The album that really turned me onto Mega Ran is Forever Famicom, which was released in 2010. The album uses various beats from NES and SNES games and there’s some seriously meaningful lyrical content written in there.
The song titled” Dream Master” tells a great story of how video games saved his life — to a certain extent — and is a simple and chill rap song with a fantastic beat. Meanwhile, “The Girl With The Make-Up” shows off his ability to tell stories on a deeper level; it’s about a girl from his childhood that he had a crush on. Other songs such as “Drop The Load” and “For The Gamers” directly touch upon gaming culture in a fun way that doesn’t come across as corny, but rather as something that truly appreciates the culture.
One of my favorite tracks is the closer of the album, “Galaxies,” which uses music from Metroid. Again, it’s another very relaxed track that shows off Jarbo’s rapping talents. Forever Famicom is an album I’ve played over and over again and songs like “Dream Master” and “Galaxies” are constantly in rotation for me.
Lately, Mega Ran has released an album titled RNDM where he strays away from being fully about video games.

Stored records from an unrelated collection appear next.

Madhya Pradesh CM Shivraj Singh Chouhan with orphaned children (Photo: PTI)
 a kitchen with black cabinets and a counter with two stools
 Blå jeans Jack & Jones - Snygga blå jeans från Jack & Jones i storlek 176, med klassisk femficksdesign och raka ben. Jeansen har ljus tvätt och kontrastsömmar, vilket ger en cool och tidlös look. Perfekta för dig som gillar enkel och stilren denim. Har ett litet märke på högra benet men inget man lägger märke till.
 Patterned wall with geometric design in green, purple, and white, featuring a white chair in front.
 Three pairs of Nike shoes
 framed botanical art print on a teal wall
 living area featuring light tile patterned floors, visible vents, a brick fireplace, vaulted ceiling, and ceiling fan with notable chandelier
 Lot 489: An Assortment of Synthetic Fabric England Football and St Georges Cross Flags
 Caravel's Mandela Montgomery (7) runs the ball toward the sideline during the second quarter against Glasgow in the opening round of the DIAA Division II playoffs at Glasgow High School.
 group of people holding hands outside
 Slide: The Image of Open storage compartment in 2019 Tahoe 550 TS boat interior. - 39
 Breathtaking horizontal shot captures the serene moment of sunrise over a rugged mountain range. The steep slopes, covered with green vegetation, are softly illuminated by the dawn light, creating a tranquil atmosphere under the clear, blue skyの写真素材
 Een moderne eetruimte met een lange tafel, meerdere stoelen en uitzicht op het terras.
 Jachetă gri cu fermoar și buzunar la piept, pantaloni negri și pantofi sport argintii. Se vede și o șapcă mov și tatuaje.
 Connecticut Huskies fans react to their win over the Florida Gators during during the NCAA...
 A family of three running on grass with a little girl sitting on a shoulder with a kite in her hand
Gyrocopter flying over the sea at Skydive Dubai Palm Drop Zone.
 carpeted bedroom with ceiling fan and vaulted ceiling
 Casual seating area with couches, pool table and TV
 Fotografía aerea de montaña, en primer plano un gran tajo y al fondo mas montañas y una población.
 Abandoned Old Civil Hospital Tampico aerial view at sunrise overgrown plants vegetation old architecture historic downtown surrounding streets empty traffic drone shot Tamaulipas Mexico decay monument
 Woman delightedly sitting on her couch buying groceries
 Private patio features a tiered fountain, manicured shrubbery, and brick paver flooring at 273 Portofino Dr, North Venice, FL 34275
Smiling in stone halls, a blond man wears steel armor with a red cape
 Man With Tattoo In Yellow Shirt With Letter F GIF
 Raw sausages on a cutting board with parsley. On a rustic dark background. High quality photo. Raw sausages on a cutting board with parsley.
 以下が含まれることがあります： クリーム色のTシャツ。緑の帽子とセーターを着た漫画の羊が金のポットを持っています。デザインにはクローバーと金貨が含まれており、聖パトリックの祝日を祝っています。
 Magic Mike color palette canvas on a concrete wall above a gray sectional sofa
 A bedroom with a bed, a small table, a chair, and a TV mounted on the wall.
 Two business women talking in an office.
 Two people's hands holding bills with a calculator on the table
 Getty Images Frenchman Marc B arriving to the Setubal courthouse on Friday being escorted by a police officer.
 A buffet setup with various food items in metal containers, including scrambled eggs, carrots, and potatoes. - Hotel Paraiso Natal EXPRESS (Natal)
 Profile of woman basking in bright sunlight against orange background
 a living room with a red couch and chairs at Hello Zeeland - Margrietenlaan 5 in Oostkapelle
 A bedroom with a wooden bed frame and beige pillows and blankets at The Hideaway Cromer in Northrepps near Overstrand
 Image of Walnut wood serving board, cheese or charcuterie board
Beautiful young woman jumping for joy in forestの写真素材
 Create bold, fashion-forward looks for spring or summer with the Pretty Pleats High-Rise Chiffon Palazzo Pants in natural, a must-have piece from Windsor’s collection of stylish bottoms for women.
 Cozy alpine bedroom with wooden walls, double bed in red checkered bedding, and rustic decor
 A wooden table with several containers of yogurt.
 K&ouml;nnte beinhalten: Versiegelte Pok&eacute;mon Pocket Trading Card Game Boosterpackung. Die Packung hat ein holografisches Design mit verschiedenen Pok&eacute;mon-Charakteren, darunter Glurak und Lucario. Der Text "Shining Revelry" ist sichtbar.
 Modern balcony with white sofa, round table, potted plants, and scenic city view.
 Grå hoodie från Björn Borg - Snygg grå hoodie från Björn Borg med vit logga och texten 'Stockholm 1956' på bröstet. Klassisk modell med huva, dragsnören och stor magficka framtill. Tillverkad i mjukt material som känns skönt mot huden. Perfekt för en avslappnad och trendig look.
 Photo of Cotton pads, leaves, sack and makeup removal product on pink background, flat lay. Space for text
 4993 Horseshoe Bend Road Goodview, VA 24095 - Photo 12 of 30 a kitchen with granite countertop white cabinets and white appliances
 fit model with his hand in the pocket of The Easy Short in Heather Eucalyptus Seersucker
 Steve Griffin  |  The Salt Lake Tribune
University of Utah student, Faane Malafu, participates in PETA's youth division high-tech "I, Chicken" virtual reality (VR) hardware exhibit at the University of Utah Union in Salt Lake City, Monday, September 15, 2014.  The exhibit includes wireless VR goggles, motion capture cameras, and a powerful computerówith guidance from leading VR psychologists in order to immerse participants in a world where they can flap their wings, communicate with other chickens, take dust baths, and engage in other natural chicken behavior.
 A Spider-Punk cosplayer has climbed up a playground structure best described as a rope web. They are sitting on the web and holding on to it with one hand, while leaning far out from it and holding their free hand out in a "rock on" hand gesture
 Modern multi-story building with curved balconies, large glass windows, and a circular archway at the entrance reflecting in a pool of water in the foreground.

The album really shows off his talents as a rapper more than anything he’s ever put out. Right from the start it opens with a track called “Same As It Ever Was…,” which starts with an 8-bit beat but quickly transitions to a piano-based beat displaying the change that Mega Ran has gone through. He doesn’t necessarily want to be just that video game rapper anymore — he wants to be considered a serious artist and for good reason.
“Same As It Ever Was…” immediately shows those talents with Jarbo’s relaxed rap flow off a simple piano beat. “Infinite Lives,” the second track on the album, delivers some of the classic video game-stylized music we remember from Jarbo’s early work, but it’s a track flowing with the optimism about the power of music to leave a lasting impact on the world even after one is gone. “Introvert Bars” is a short track that even someone with the slightest introverted tendencies could relate to when he drops lines like:
“yay! Festivities…the captivity/they’ll tell a bunch of jokes, I’ll pretend to enjoy/and I’ll be stuck in conversations that’d tend to avoid/Sounds great, so I sigh and grab my coat…”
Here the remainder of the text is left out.